Pogonoscorpius
- Conservation status: Data Deficient (IUCN 3.1)

Scientific classification
- Kingdom: Animalia
- Phylum: Chordata
- Class: Actinopterygii
- Order: Perciformes
- Family: Scorpaenidae
- Subfamily: Scorpaeninae
- Genus: Pogonoscorpius Regan, 1908
- Species: P. sechellensis
- Binomial name: Pogonoscorpius sechellensis Regan, 1908

= Pogonoscorpius =

- Authority: Regan, 1908
- Conservation status: DD
- Parent authority: Regan, 1908

Species of fish

Pogonoscorpius is a genus of marine ray-finned fish belonging to the family Scorpaenidae, the scorpionfishes. It is a monotypic genus, its ony species is Pogonoscorpius sechellensis which occurs in the western Indian Ocean in the seas around the Seychelles. It is a little known species and, as of 2018, only 2 specimens were known from the Seychelles. It may also occur in the Coral Sea and off Japan and it has been suggested that this taxon is a synonym of Rhinopias argoliba.
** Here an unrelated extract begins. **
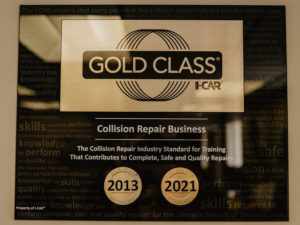 Photo of an I-Car Gold Class certification in a collision repair shop.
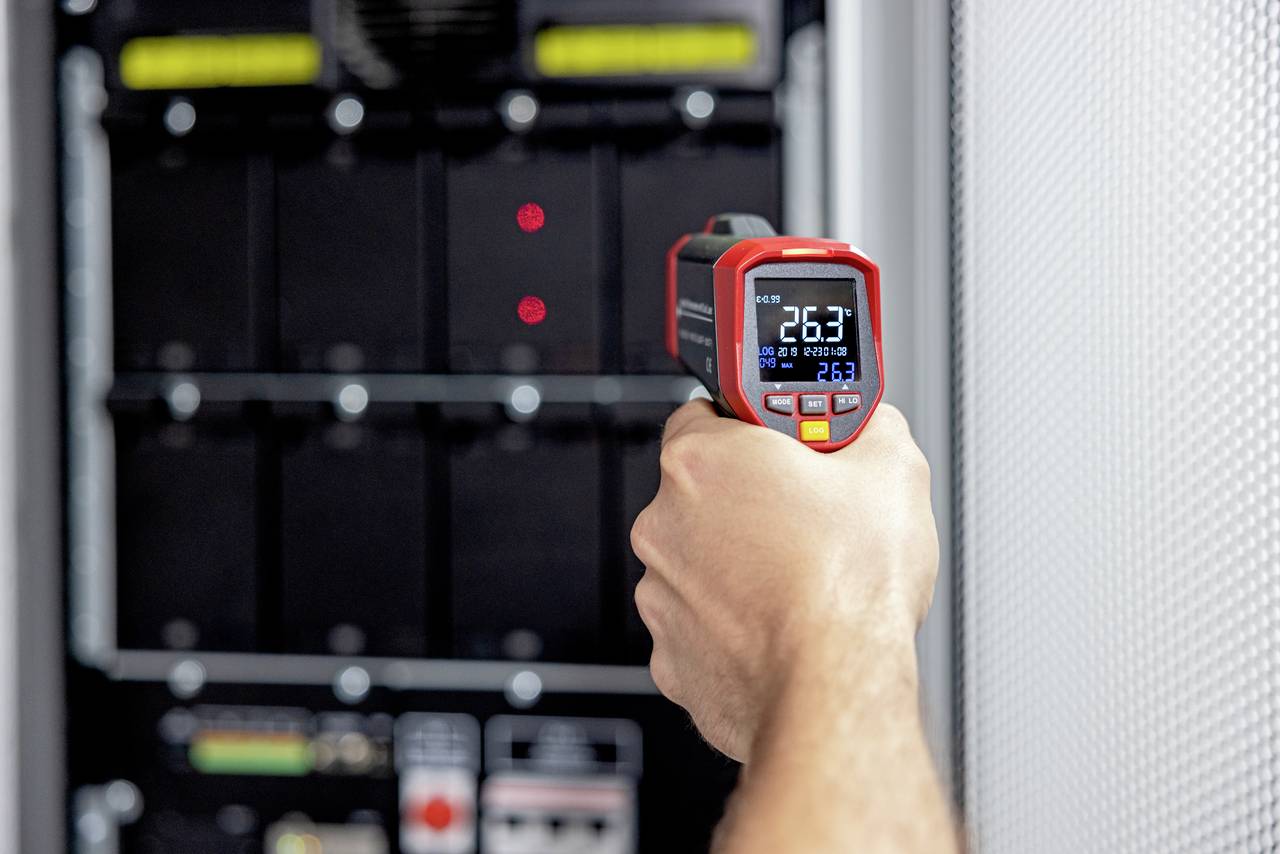 Een handapparaat meet een temperatuur van 26,3 graden Celsius voor een serverrek.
Others treat it as a valid species and state that it is endemic to the western Indian Ocean.

Pgonoscorpius was first formally described as a genus in 1908 by the British ichthyologist Charles Tate Regan when he described its only species P. sechellensis, of which Regan gave the type locality as from a depth of 37 fathoms in the Seychelles. The type was collected by John Stanley Gardiner. The genus name is a compound of pogon meaning "beard", an allusion to the well developed mental barbel, and scorpius, a "scorpion" indicating that this is a scorpionfish. The specific name indicates that its origin is the Seychelles.

Pogonoscorpius sechellensis is found at depths down to 68 m. This species reaches a length of 5.1 cm SL.

Pogonoscorpius sechellensis is similar to the species in the genus Rhinopias but differ in colouration and in the possession of a mental barbel. It has 12 spines and 9 soft rays in the dorsal fin, the last ray being split and is sometimes counted as 1.5 rays. The anal fin has 3 spines and 5 soft rays. The colour is described a yellowish with reddish tinged fins.